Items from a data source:
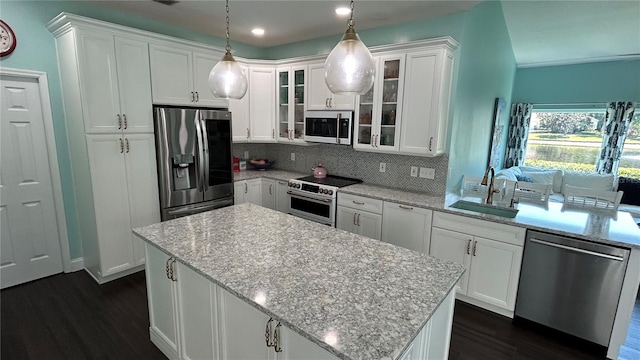 1600 Twin Oaks Cir, Oviedo, FL 32765 - kitchen featuring dark wood finished floors, a sink, tasteful backsplash, appliances with stainless steel finishes, and white cabinetry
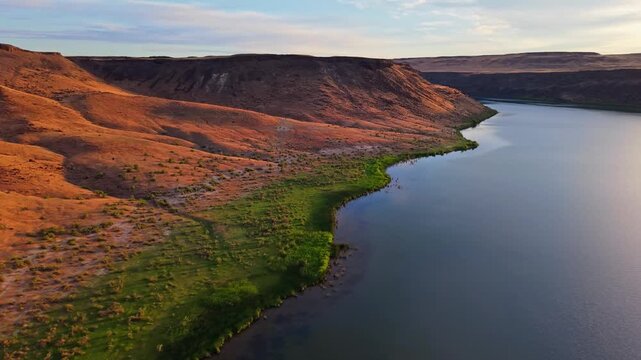 Aerial view captures the Snake River winding past golden bluffs across rural Idaho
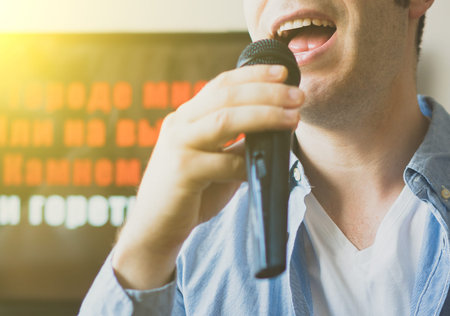 Man singing karaoke at home. Close-up view.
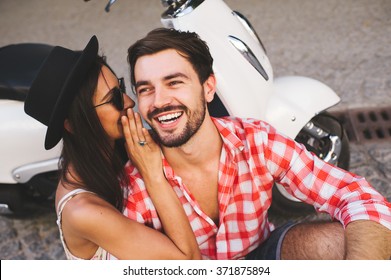 Close up of attractive young couple whipsering to ear a secret while sitting near scooter and smiling. Happy relathionship concept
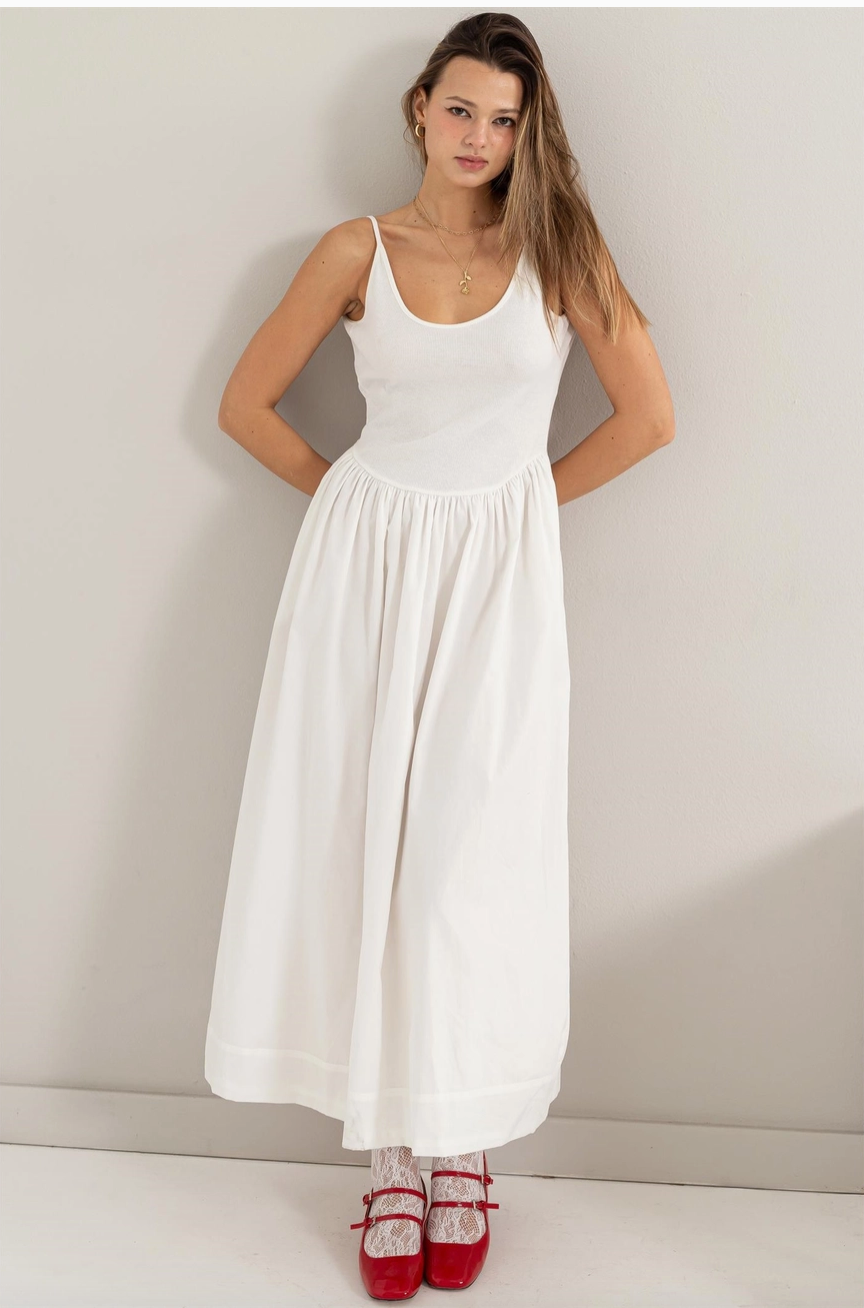 Trendy summer maxi dress. Casual and versatile dress it up or down. Ribbbed upper body and flowing skirt with scoop back. 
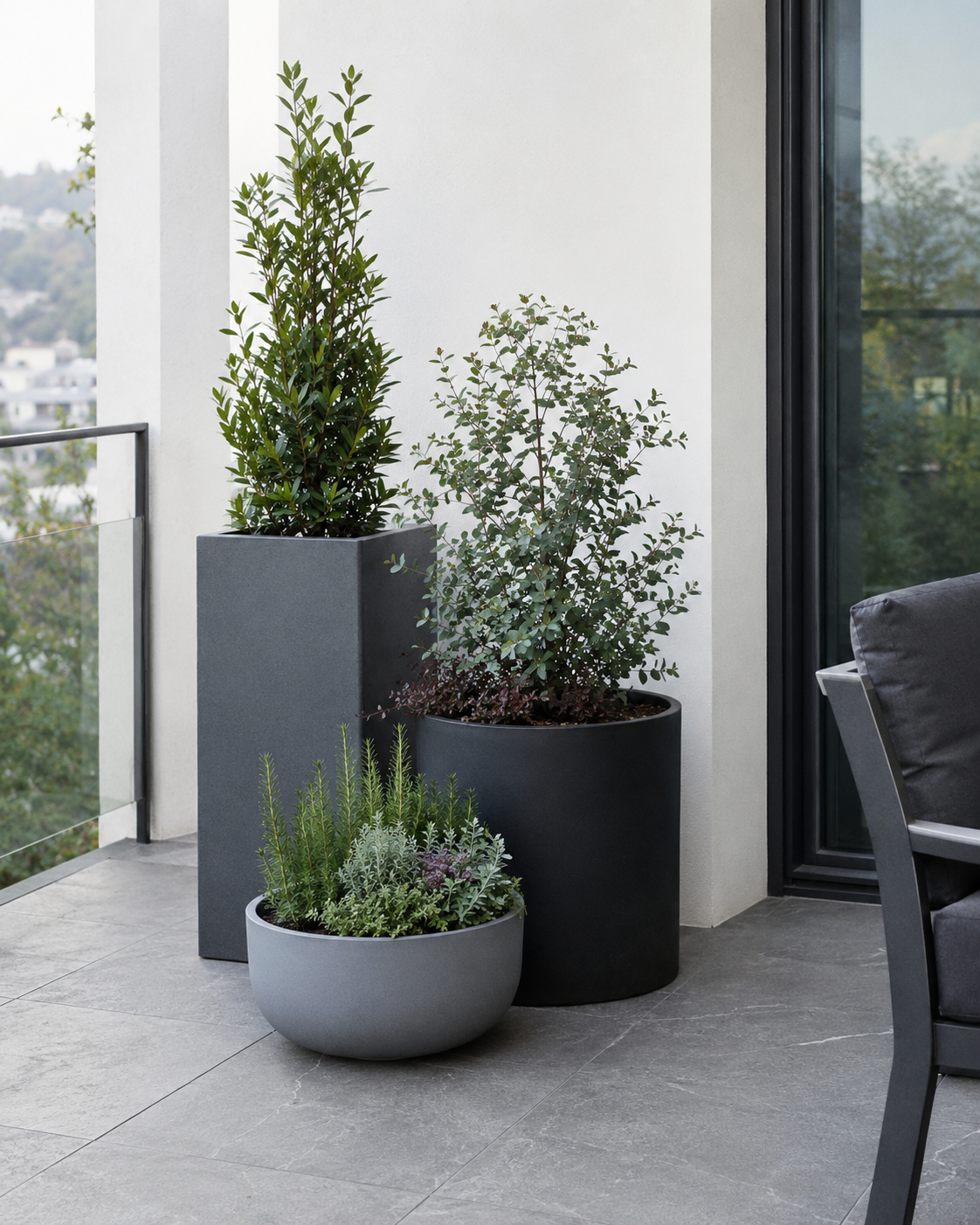 Three modern outdoor floor planters in staggered heights create a composed balcony corner without crowding the walkway.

--- EXERCISE ---
Give the entries back verbatim and omit the images.

--- RESULT BELOW ---
 1600 Twin Oaks Cir, Oviedo, FL 32765 - kitchen featuring dark wood finished floors, a sink, tasteful backsplash, appliances with stainless steel finishes, and white cabinetry
 Aerial view captures the Snake River winding past golden bluffs across rural Idaho
 Man singing karaoke at home. Close-up view.
 Close up of attractive young couple whipsering to ear a secret while sitting near scooter and smiling. Happy relathionship concept
 Trendy summer maxi dress. Casual and versatile dress it up or down. Ribbbed upper body and flowing skirt with scoop back. 
 Three modern outdoor floor planters in staggered heights create a composed balcony corner without crowding the walkway.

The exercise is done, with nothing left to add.